The Post commentators were aghast that regulators were investigating Home Capital for what they viewed as dated and minor problems with the company’s brokerage channels and accused the OSC of what Republicans in the US would now call “regulatory overreach.”

How quickly people forget! The Ontario Securities Commission fortunately had some memory cells left from watching the real estate American meltdown a decade ago, and recognized what US regulators have still failed to grasp in the patchwork quilt that regulates and licenses brokers in this country on a state by state basis. Broker fraud is inevitable in the mortgage supply chain whenever brokers are substantially paid by commissions based on closings, rather than standards that include buyer affordability.
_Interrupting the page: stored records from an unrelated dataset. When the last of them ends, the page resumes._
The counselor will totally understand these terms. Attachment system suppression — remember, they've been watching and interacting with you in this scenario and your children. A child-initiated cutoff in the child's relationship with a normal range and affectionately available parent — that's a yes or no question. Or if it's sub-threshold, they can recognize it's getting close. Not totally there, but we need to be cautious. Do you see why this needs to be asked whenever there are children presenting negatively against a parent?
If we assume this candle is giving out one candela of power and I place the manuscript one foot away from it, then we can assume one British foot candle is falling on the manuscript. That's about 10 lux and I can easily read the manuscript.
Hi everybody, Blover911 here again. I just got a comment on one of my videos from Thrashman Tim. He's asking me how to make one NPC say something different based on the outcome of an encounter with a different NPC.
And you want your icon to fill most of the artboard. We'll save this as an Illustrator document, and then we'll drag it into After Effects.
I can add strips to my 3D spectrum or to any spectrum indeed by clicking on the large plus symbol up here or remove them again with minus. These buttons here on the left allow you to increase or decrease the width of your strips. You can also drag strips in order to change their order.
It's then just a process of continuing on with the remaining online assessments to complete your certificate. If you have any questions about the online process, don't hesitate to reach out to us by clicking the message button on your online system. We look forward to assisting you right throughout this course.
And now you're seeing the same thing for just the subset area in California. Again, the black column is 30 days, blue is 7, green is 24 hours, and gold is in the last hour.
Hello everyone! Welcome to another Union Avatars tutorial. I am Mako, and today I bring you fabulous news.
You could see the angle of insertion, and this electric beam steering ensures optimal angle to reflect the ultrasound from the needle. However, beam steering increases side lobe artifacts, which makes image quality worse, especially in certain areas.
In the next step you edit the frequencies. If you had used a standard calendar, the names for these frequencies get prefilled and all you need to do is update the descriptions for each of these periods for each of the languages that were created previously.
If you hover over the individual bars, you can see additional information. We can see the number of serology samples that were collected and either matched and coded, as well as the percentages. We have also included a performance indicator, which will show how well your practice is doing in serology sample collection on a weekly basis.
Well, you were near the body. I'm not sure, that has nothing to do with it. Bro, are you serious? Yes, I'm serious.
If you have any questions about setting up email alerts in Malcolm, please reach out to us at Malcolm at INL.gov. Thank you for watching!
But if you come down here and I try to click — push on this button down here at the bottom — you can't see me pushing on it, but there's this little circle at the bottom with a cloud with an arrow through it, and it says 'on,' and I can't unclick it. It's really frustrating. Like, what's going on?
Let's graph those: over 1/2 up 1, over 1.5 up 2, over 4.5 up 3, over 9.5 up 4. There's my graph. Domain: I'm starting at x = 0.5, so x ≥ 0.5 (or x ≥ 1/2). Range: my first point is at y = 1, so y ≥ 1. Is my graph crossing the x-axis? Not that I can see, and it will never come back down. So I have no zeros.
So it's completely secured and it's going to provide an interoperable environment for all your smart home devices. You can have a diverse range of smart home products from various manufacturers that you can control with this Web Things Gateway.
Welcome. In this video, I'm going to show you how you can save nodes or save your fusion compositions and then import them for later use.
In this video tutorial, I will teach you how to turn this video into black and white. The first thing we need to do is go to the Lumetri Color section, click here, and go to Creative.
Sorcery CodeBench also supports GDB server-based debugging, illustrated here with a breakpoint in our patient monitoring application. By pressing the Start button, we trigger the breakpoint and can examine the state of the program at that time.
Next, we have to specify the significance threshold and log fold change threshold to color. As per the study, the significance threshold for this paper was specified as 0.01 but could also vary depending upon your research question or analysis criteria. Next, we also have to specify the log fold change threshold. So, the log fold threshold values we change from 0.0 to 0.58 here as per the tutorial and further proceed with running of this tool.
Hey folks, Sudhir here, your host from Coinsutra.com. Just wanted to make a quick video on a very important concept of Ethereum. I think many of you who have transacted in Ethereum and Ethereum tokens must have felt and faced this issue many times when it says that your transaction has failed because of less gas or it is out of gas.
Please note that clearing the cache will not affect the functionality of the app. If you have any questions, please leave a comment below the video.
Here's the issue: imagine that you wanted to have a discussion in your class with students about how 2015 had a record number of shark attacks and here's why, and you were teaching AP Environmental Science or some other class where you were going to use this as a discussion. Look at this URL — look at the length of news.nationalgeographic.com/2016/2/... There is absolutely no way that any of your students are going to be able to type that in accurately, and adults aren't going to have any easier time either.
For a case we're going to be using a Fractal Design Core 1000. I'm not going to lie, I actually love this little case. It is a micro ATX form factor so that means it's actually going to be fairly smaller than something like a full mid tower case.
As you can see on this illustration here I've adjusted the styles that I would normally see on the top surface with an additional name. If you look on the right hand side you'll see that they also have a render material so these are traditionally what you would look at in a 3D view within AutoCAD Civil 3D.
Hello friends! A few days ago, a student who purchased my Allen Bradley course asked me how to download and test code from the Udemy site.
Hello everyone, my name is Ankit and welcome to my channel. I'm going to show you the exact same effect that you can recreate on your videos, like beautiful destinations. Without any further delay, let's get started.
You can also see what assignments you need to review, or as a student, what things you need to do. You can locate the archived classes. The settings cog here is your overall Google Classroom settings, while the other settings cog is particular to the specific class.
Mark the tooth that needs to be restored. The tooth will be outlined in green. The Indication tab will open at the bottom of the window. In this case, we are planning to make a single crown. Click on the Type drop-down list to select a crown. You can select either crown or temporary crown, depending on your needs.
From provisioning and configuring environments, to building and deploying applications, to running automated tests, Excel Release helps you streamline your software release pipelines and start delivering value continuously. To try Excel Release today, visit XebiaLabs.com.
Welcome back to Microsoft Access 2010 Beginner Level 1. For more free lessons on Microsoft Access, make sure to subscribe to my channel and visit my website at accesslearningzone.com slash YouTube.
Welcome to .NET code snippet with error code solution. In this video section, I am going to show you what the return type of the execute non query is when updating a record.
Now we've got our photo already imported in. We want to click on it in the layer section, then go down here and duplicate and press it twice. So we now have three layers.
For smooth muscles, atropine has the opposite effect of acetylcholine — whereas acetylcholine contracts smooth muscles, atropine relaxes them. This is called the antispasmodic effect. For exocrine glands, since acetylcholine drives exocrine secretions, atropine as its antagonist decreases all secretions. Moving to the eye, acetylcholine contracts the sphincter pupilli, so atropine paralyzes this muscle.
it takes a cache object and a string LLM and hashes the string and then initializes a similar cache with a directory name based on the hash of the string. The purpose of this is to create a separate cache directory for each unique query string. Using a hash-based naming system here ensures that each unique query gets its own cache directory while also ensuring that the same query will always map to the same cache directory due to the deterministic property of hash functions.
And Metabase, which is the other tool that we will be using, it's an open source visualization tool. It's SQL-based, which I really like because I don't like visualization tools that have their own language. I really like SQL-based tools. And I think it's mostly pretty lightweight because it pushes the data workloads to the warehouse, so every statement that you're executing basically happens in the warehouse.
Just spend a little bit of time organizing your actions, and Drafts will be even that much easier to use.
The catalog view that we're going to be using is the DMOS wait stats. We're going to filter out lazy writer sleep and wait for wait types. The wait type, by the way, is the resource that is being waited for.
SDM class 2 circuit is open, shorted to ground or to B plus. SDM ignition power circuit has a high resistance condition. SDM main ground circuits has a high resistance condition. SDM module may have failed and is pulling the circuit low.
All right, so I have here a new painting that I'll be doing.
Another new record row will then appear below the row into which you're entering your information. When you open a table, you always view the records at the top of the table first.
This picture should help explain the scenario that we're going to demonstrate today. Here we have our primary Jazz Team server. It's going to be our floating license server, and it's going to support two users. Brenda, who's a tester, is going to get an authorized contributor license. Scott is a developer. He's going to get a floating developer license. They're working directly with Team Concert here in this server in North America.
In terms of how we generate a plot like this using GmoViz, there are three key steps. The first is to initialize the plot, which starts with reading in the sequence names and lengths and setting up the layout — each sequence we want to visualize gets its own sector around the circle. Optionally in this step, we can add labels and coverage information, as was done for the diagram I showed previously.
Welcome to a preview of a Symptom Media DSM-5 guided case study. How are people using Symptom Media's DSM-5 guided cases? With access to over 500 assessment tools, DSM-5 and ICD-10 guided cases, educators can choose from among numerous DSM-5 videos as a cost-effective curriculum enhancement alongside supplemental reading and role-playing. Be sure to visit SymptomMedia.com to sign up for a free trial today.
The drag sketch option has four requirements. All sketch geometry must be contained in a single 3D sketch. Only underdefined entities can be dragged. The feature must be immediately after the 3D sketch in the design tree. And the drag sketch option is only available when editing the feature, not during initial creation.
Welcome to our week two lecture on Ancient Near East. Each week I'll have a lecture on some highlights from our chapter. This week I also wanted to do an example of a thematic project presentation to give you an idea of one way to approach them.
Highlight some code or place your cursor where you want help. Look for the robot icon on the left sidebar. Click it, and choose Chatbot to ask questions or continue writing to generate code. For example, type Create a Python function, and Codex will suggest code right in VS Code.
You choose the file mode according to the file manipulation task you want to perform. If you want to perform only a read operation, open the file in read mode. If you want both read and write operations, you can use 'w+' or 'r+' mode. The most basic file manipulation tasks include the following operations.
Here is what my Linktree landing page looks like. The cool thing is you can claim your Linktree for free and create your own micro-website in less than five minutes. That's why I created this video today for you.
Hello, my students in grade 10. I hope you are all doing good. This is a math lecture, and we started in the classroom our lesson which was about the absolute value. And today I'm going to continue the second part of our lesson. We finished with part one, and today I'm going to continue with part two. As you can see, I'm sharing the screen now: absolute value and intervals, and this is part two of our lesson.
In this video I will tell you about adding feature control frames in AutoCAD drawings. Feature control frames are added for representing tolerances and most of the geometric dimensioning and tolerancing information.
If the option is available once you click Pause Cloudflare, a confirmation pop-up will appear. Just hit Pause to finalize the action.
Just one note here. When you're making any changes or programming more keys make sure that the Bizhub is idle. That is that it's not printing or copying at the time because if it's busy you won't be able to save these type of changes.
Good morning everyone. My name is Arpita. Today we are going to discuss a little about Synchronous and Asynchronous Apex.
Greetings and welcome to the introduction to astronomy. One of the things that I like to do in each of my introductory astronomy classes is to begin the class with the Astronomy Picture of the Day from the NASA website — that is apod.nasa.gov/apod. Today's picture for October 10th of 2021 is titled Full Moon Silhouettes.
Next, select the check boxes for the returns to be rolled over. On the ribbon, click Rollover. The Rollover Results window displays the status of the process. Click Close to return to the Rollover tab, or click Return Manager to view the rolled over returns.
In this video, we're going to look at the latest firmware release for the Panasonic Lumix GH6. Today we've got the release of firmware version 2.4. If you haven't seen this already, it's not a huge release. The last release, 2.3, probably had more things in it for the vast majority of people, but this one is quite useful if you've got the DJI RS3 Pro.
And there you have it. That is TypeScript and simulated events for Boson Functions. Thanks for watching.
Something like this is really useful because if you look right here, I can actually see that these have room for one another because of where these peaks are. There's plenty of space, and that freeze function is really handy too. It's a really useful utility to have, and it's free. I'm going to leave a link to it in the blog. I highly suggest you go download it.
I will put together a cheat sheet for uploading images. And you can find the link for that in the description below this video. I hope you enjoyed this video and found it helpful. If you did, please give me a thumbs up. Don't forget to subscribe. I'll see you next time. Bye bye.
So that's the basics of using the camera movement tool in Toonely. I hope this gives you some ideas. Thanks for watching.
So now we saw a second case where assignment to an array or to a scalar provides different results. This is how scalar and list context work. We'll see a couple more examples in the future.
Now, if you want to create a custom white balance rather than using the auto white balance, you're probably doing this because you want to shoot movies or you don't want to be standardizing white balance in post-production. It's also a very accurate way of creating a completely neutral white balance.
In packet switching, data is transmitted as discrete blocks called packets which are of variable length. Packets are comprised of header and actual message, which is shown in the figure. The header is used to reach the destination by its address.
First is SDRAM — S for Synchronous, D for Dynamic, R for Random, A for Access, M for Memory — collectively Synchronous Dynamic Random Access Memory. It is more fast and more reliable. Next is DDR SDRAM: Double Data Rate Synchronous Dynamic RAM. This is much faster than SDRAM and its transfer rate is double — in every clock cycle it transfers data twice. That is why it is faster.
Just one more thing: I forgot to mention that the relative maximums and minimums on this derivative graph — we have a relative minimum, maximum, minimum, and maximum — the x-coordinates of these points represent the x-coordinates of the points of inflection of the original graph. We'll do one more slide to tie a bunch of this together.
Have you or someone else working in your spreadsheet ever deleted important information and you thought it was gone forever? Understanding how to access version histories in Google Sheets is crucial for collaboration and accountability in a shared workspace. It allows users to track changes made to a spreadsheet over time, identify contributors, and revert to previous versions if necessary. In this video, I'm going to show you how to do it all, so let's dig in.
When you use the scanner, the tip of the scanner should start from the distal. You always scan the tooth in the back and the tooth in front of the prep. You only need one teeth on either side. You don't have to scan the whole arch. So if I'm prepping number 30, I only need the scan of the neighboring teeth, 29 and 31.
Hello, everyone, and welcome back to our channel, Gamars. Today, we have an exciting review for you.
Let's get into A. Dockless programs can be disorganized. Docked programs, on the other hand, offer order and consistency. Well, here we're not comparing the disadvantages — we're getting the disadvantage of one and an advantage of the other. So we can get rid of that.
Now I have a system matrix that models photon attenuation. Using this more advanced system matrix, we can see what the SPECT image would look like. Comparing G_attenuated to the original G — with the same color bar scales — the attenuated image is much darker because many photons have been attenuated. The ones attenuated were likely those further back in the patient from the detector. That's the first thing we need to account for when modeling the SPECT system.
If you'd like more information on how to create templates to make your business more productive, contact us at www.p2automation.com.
We always demanded, and often won, though sometimes too late, agreements that US-subprimes not allow mortgage brokers in their networks to be paid that way. Given the hammering of stock prices for all the companies in the Canadian subprime industry, smarter investors must suspect that all of them are only loosely supervising brokerage networks, and that’s scary.

Low-and-moderate income families need a subprime market so that they can access mortgages for houses and apartments, but they also have to demand that the companies not be predatory and that they work as hard to keep their acts together as families do who are busting their butts to pay their bills and their house notes. Let’s hope Canadians are coming to grips with these companies and have learned the lessons that Americans are living in denial and still trying to forget.